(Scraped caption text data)
- Opening Delimiter -
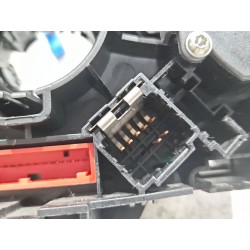 Recambio de mando multifuncion para renault megane ii (bm0/1_, cm0/1_) 1.5 dci referencia OEM IAM 820021376124  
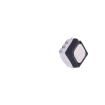 MHP3535RGBDT-S Standard LEDs - SMD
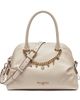 KARL LAGERFELD PARIS KARL LAGERFELD PARIS Charlaine Shoulder Bag - 1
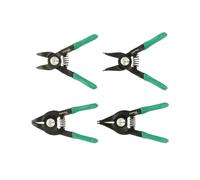 Pince circlips TOPTUL GAAR0403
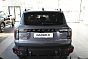 Haval Dargo Премиум, серый
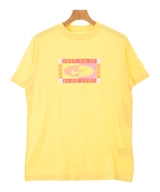 NIKE Tシャツ・カットソー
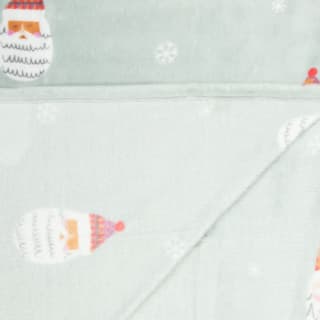 437003-santa-super-soft-printed-throw-4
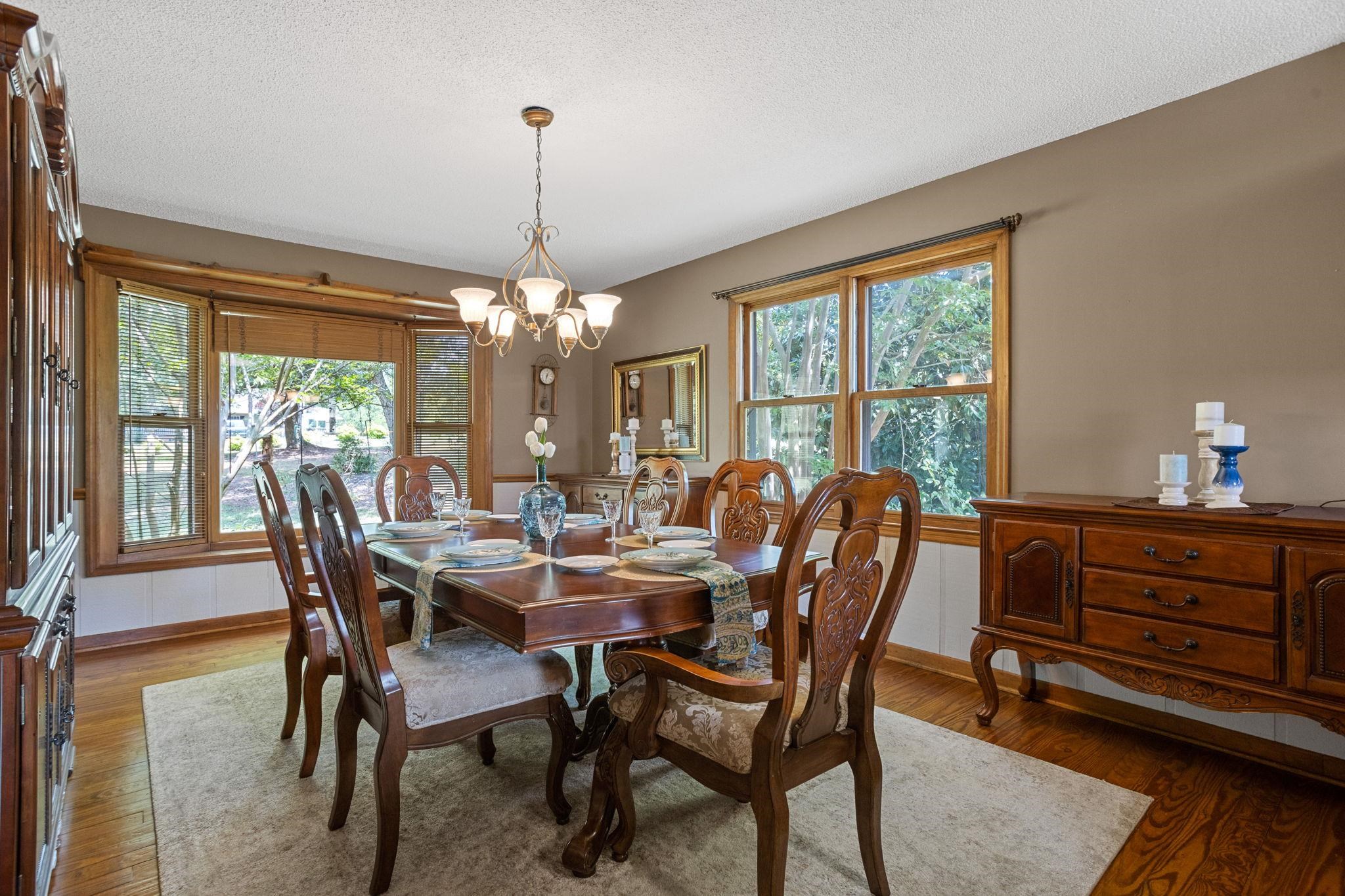 579 State Rd S-42-4217 Roebuck, SC 29376 - Photo 8 of 38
- Closing Delimiter -
» WORK TASK:
The records above must be copied exactly, with no pictures carried over.

» TASK SOLUTION:
 Recambio de mando multifuncion para renault megane ii (bm0/1_, cm0/1_) 1.5 dci referencia OEM IAM 820021376124  
 MHP3535RGBDT-S Standard LEDs - SMD
 KARL LAGERFELD PARIS KARL LAGERFELD PARIS Charlaine Shoulder Bag - 1
 Pince circlips TOPTUL GAAR0403
 Haval Dargo Премиум, серый
 NIKE Tシャツ・カットソー
 437003-santa-super-soft-printed-throw-4
 579 State Rd S-42-4217 Roebuck, SC 29376 - Photo 8 of 38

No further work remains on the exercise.